戦争を支えたもの 
    

 各地への空襲、沖縄上陸、ヒロシマ、ナガサキ、昭和20年だけで、どれだけ、ものが破壊され、命が失われたのでしょう。
 8月は、戦争の悲惨さを思い起こすとともに平和の大切さ、いのちの尊さを深く考える月です。
 なぜ、戰さが始まるのでしょう。戦争は、急に始まるものではありません。仕掛けは、何年も前から始まっているのです。戦争で金もうけを企てている勢力が、色々な宣伝をして、仮想敵を世間に広め、宣伝し、法律を作り、戦争に向かう世相を作り上げていくのです。そして、それを支える仕組みが、少しづつ着実にできあがっていくのです。

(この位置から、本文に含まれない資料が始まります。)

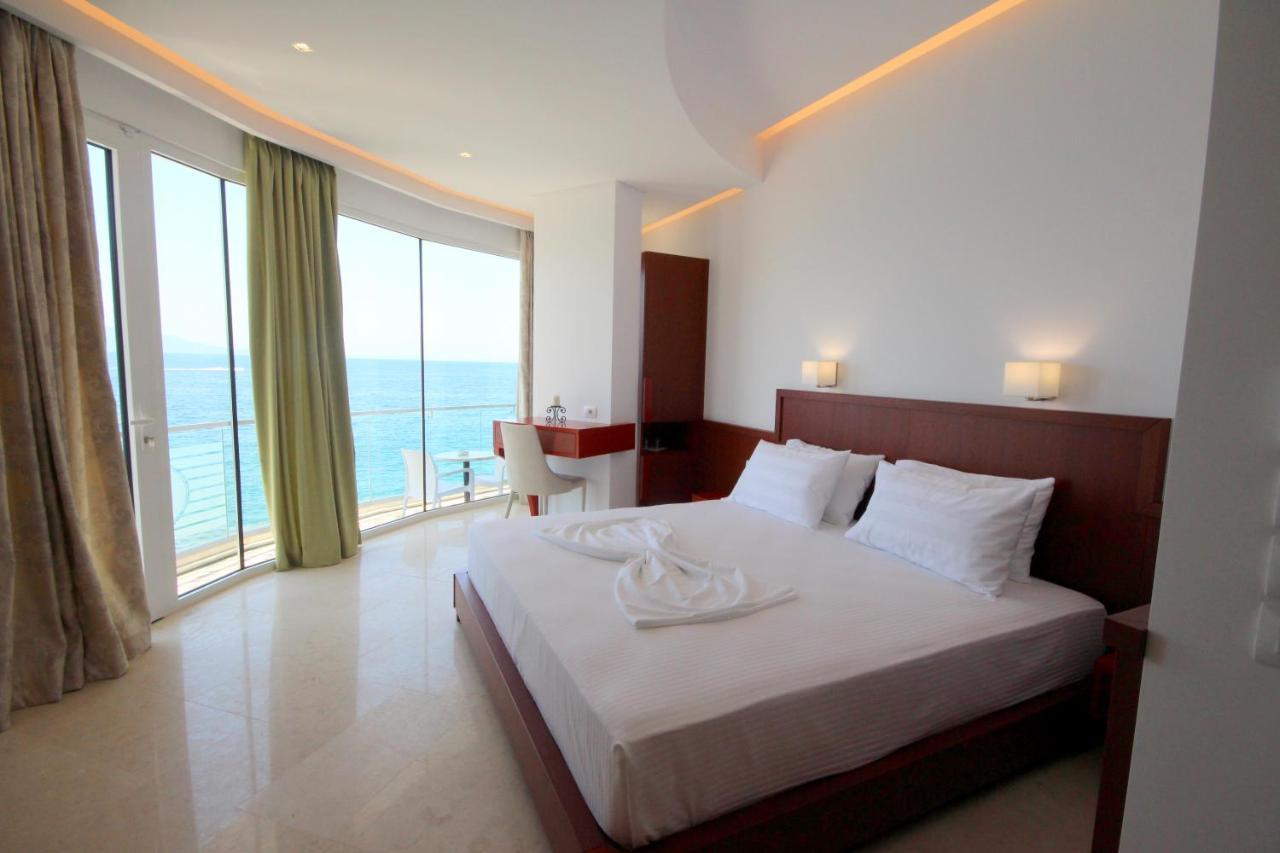 Hotel Delfini Sarande Exterior photo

 龍谷大学の学長をつとめておられた信楽峻麿(しがらきとしまろ)先生は、
「戦争中、それぞれの地域社会で、あの戦争を草の根で支えた人が3人いた。」とおっしゃっていました。

 一人は、巡査さん。常に人々の言動に目を光らせ、戦争反対など政府の方針に反するものを容赦なく逮捕し弾圧した。その結果、人々は口を閉ざし、国家の言うがままになっていった。

 二人目が、学校の校長先生。学校で、教育勅語や修身の授業を通じて、子どもたちに、いかに国家・天皇のために戦うことが素晴らしいことであるかを日々叩き込んだ。それによって、多くの子どもたちが「軍国少年少女(臣民)」となっていった。

 三人目が、寺の住職。普段から、ご本尊を背にしながら、お国のために戦うことがいかに大切であるかを説き、出兵する兵士に「陣中名号」を渡しながら、阿弥陀如来といつも一緒、心おきなく戦って来い。と送り出した。そして、戦死したものには、「軍人院号法名」を授けて、その死を讃えては、遺族の悲しみを喜びや誇りに変え、後に続くものを鼓舞し続けた。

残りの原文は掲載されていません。